The secret to contentment is not looking back. Nor is the secret to contentment looking forward.
Paul didn’t just think: “I’m sure I’ll be out of this jam soon. Chin up!” That works for awhile, until a soldier jingling some keys snapped him back to the reality of his situation.
To be fair, there is something to be said for positive thinking in the future. It’s good to have goals. “I plan on having my own house. I plan on having my debts paid.” Good things.
But if that’s our source of contentment, what happens when we never get there? At some point you feel worse off than you are now!
And if you do get there, don’t be surprised to find the “perceived needs” to kick in. “Actually, I need a bigger house.” “Actually, I want to be out of debt and rolling in money.”
The secret to contentment is not looking forward either.
Listen to what Paul says, “I can do all things through Him who gives me strength.”

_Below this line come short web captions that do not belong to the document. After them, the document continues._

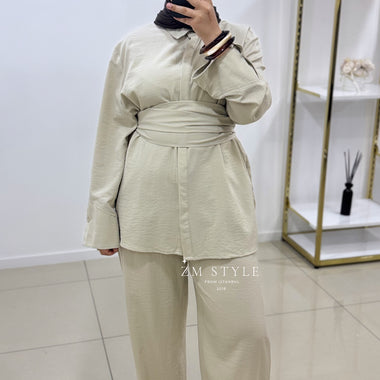 Ensemble pantalon effet lin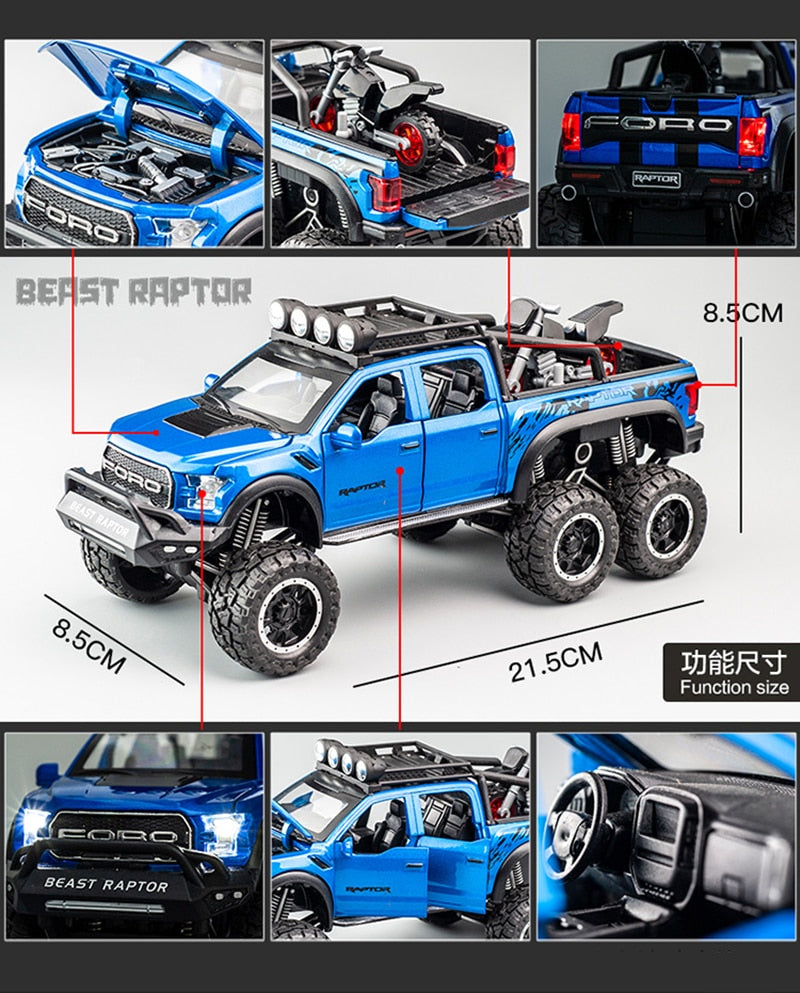 Car Model Ford Raptor F150 Pickup Alloy Diecasts Metal Modified Off-Road Vehicles children Kids Toy 1/28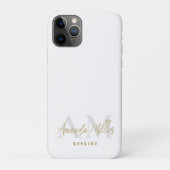 Personalisiert mit Name White Gold Modernes Monogr Case-Mate iPhone Hülle (Rückseite)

In other words, Paul found contentment from looking up.
Because what do you find when you look up? The God who provides all things. He takes care of our earthly needs. He takes care of our earthly wants. He has an endless supply of food, drink, clothing, and shelther.
Beyond that, he gives us what no one else can: forgiveness of sins, eternal life, and the promise of spending eternity with him in the glorious riches of heaven!
When your focus is upwards, it doesn’t matter where you are int his life. Whether whether well fed or hungry, whether living in plenty or in want…in any and every situation, you are content.
Content to be forgiven.
Content to be God’s child.
Content to be in God’s good graces.
So, how will your Thanksgiving weekend play out? I suppose it depends on the circumstances.
As look up, you will be reminded of your circumstances: Jesus loves you. You have a Savior. You are blessed.
Circumstantially, you couldn’t be in a better place.